CVE Trends was just warning us that over the past week the latest Apple vulnerability has racked up nearly 6 million audience interactions on Twitter.
CVE-2022-22620: 6M
CVE-2022-24086: 3.2M
CVE-2021-44521: 2.9M
Very interesting to see such a long tail instead of the usual up and down audience curve.
Apple, per usual, is very tight-lipped about their emergency security patch, which has been credited to an anonymous researcher.
Impact: Processing maliciously crafted web content may lead to arbitrary code execution. Apple is aware of a report that this issue may have been actively exploited. Description: A use after free issue was addressed with improved memory management.
Alleged so far is that this marks a 0-day in Apple devices (exploited in the wild before the patch was released), easily hacked by clicking on just one link (1-click) or perhaps even less (0-click through waterholing, XSS, MITM, captive portal, etc). It would be hard to allege anything higher risk.
It’s surely safe to say that releasing a 15.3.1 just two weeks after they announced ten major security fixes in the 15.3 release (including in-the-wild 0-day patch of CVE-2022-22587 — code execution with kernel privileges) means this minor version patch is even more unusually important.

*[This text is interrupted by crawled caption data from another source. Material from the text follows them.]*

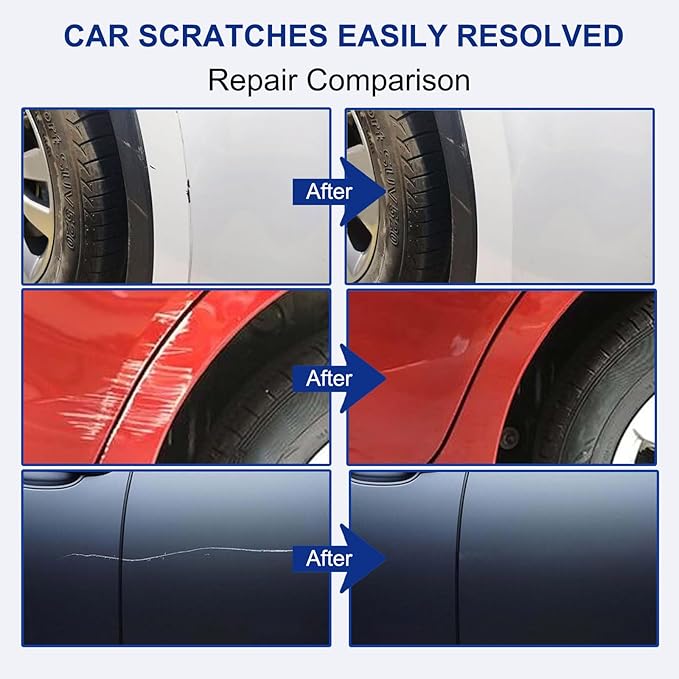 Jet Black Mica(41W) Touch Up Paint for Mazda Car Paint Pen Scratch Repair Two-In-One Touch Up Paint Automotive Paint Pen for MAZDA3 CX-5 CX-30 CX-50 CX-70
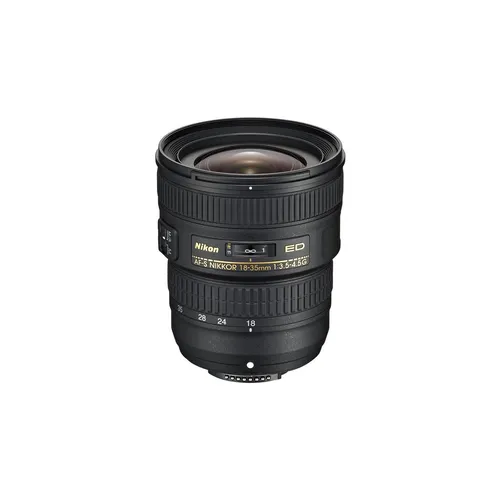 NIKON ED 18-35mm f3.5-4.5 - FF (77ø)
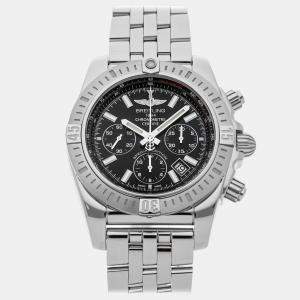 مملوكة مسبقًا Breitling Chronomat B01 AB011011 Chronograph Men's Watch 44 mm Automatic Men's Wristwatch 44MM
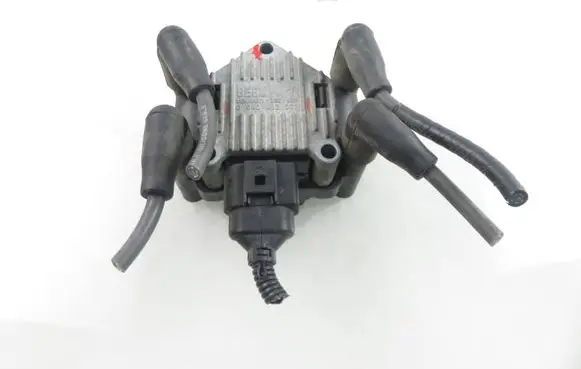 Volkswagen Lupo High voltage ignition coil 0040402003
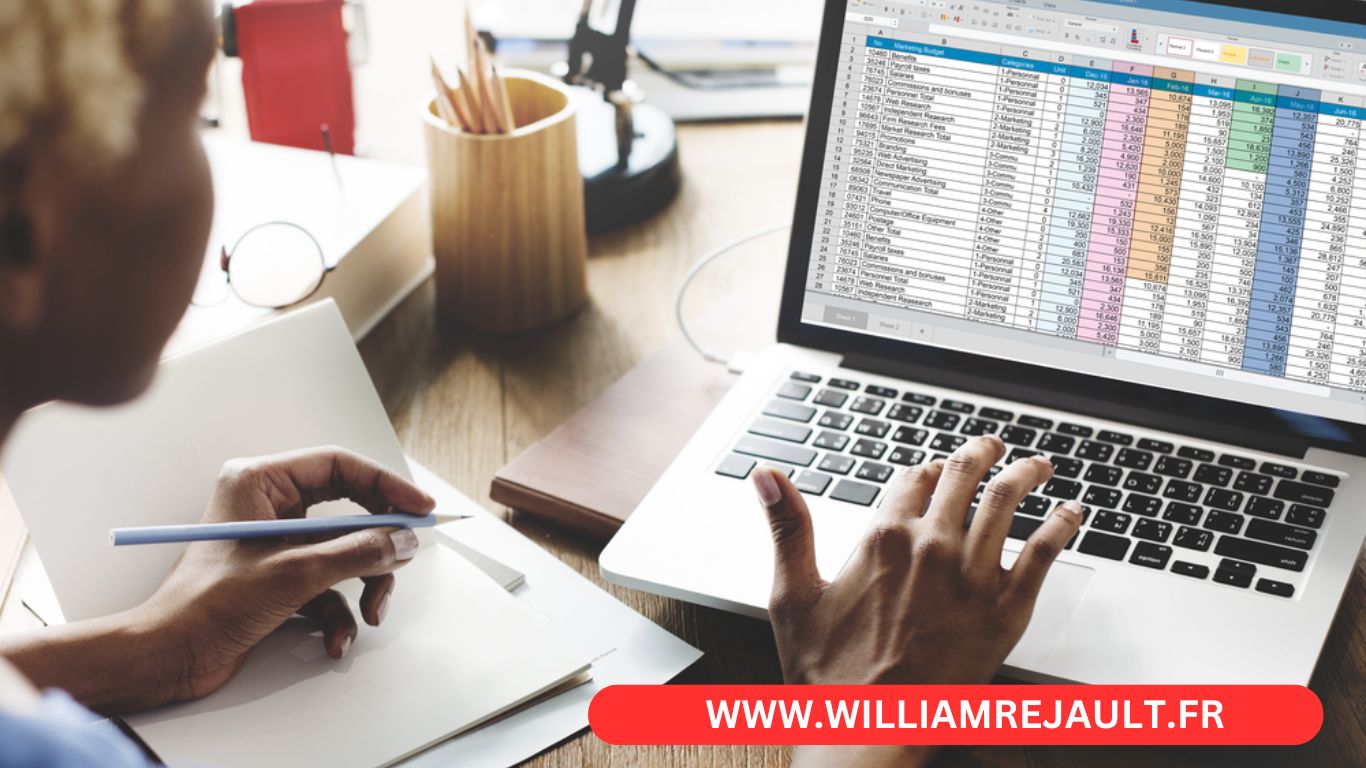 Tableurs en Ligne : Choisir le Meilleur Outil pour vos Besoins en Collaboration et Visualisation de Données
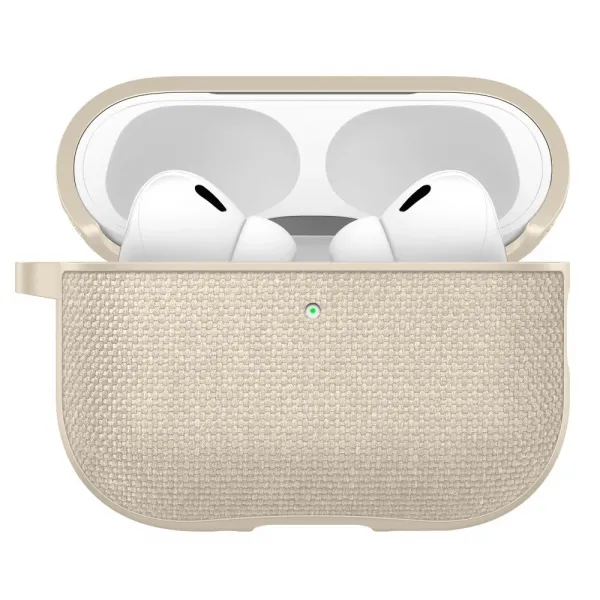 Spigen Urban Fit, Apple AirPods Pro 3, béžové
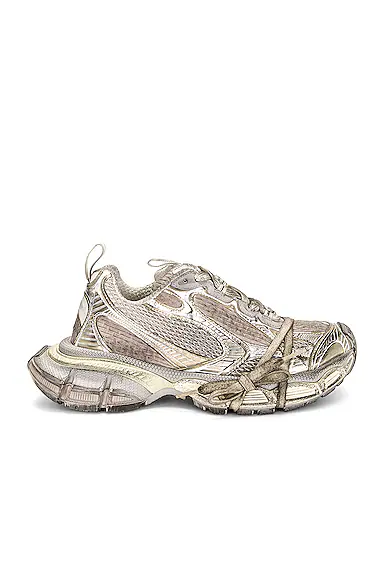 3xl Sneaker Eggshell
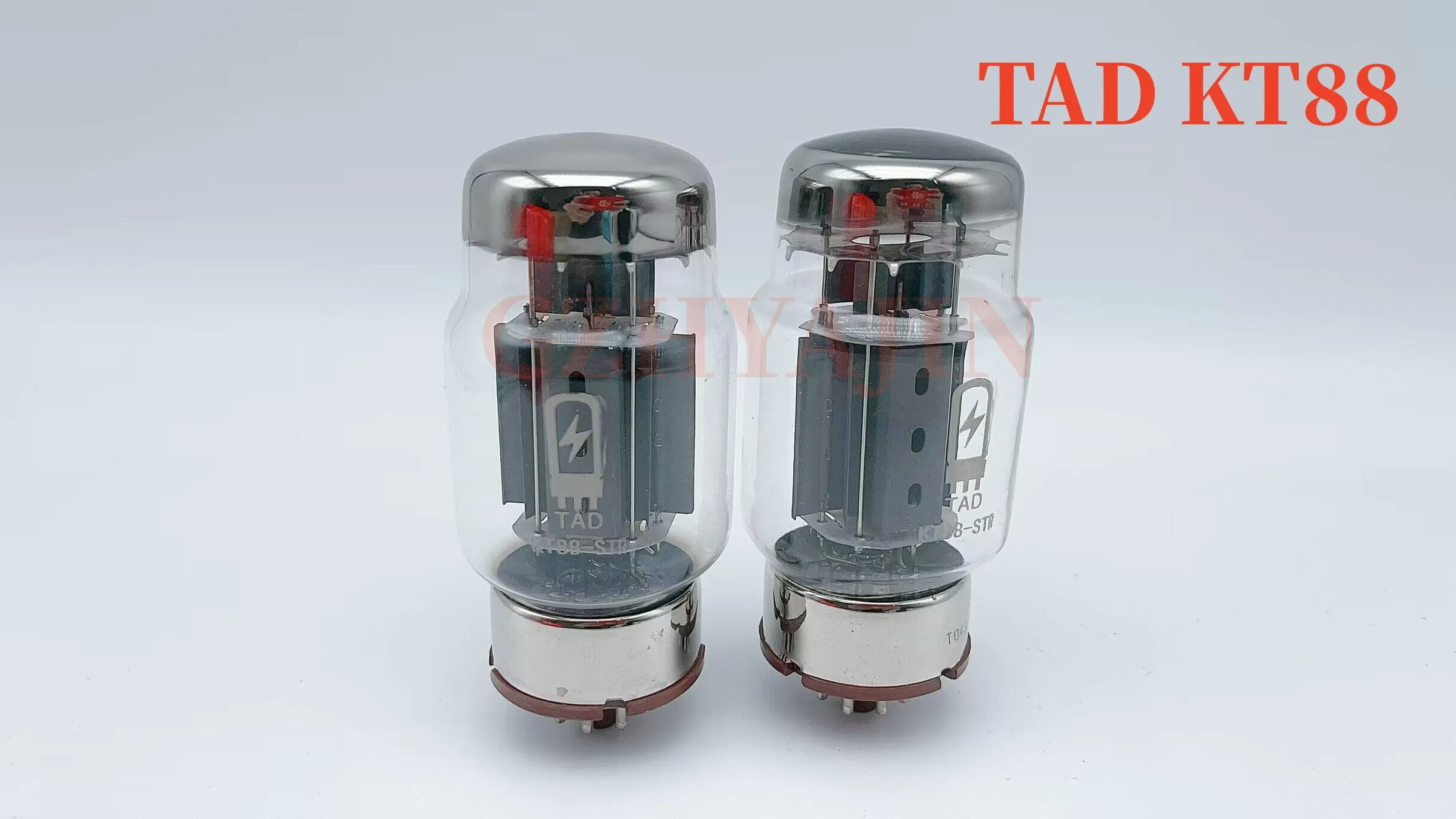 

New TAD KT88 tube generation KT66 6550 6L6 5881 EL34B original test pairing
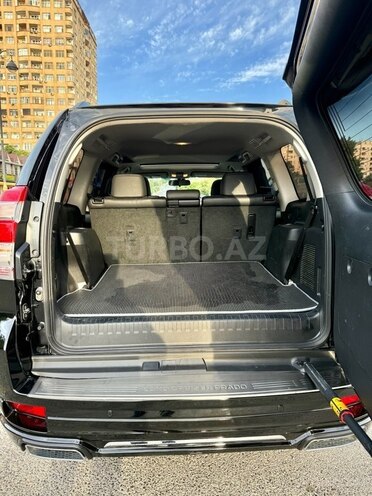 Toyota Land Cruiser Prado 2014, 172,478 km - 2.7 l - Bakı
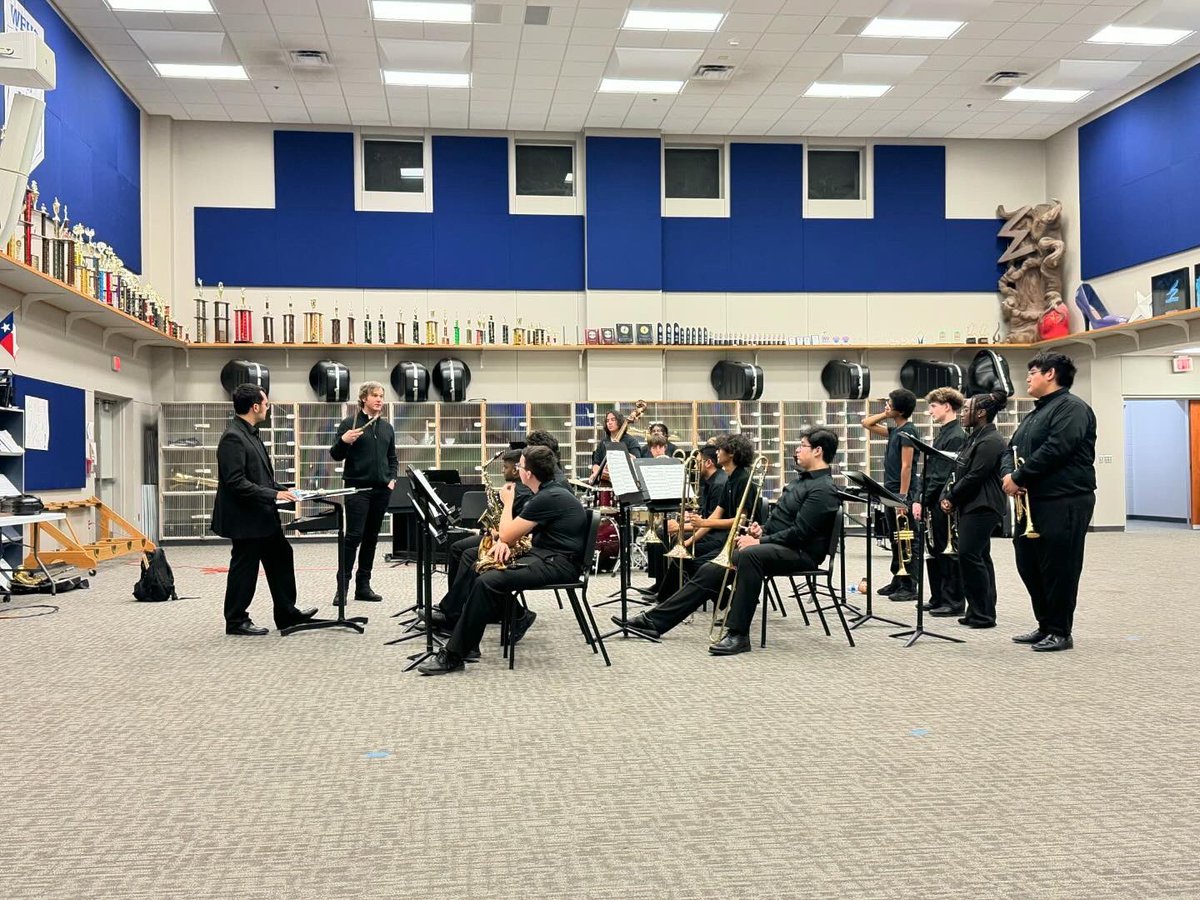 Berkner HS Band (@berkner_band) on Twitter photo Congratulations to Jazz 1 & Jazz 2 on their wonderful performances at the Wylie East Jazz Festival! @kacage <a href="/bhsstem/">Berkner High School STEM Academy</a> Congratulations to Jazz 1 & Jazz 2 on their wonderful performances at the Wylie East Jazz Festival! @kacage <a href="/bhsstem/">Berkner High School STEM Academy</a>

Also worth noting is malware researchers pulling their “UPDATE NOW” alarm, and CISA saying “we’ve added one more” the next day after publishing their latest “Known Exploited Vulnerabilities Catalog”.
…evidence that threat actors are actively exploiting the vulnerability… remediation due date: 2/25/2022 [only two weeks from Apple’s patch release]
Highly unusual to have a critical patch announcement dropped almost immediately on top of a critical patch announcement. It doesn’t get any more serious than this one.
As a laugh I also have to give credit where due, since The Register apparently published on this vulnerability all the waaaay back in 1970.
Leave it to a vulnerability reporting site to have an obvious integrity issue.
And as another laugh, that Register article cites a ex-Google program manager for Microsoft throwing stones from inside his glass house
Imagine, if you can, a world where installing an alternative browser as your default actually had a chance of protecting you from [a software company’s] shocking underinvestment in security
Indeed. Chrome on Google and Edge on Microsoft should be your last choice, given what we know about WebKit on Apple having issues.